Provide again, from the entries below, every line from the one containing "3 Schlafzimmer Appartement" through the one containing "AV ANGELVEST trademark", exactly as written, and no other line.

- _Supplied records_
········

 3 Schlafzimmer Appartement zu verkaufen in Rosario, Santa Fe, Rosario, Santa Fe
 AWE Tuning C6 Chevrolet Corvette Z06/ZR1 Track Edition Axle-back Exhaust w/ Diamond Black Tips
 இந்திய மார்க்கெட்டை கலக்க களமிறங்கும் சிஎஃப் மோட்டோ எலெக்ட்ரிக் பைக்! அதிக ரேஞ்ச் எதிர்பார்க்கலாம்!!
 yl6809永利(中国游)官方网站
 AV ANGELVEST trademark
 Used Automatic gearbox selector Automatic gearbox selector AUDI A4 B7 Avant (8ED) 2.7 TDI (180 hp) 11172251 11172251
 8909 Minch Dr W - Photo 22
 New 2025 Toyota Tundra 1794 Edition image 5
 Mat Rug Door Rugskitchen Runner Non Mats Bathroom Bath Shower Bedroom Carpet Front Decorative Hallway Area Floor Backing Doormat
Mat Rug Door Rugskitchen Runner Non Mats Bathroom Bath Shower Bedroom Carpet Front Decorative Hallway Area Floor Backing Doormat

········

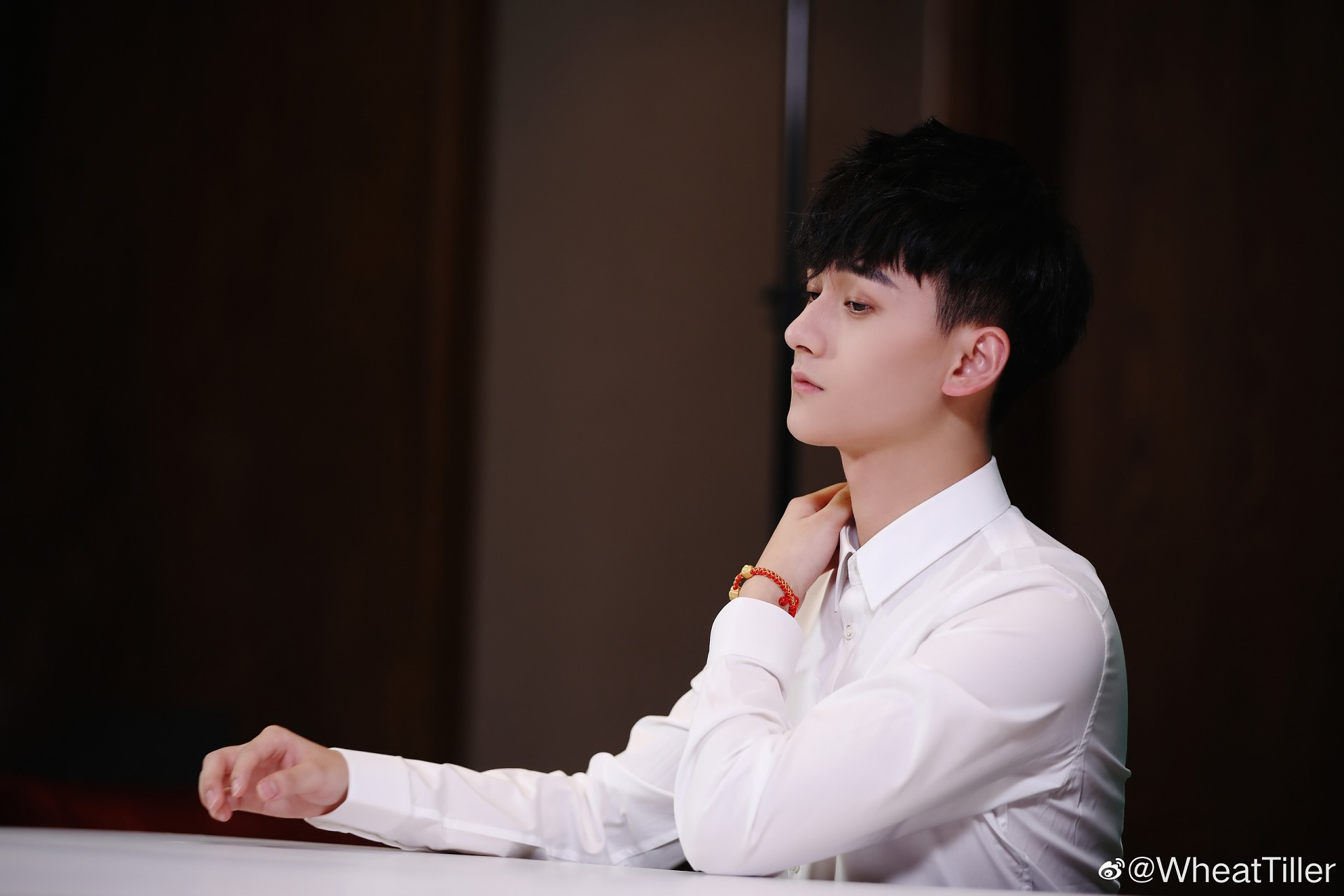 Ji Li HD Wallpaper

········

- _Result for this exercise_
 3 Schlafzimmer Appartement zu verkaufen in Rosario, Santa Fe, Rosario, Santa Fe
 AWE Tuning C6 Chevrolet Corvette Z06/ZR1 Track Edition Axle-back Exhaust w/ Diamond Black Tips
 இந்திய மார்க்கெட்டை கலக்க களமிறங்கும் சிஎஃப் மோட்டோ எலெக்ட்ரிக் பைக்! அதிக ரேஞ்ச் எதிர்பார்க்கலாம்!!
 yl6809永利(中国游)官方网站
 AV ANGELVEST trademark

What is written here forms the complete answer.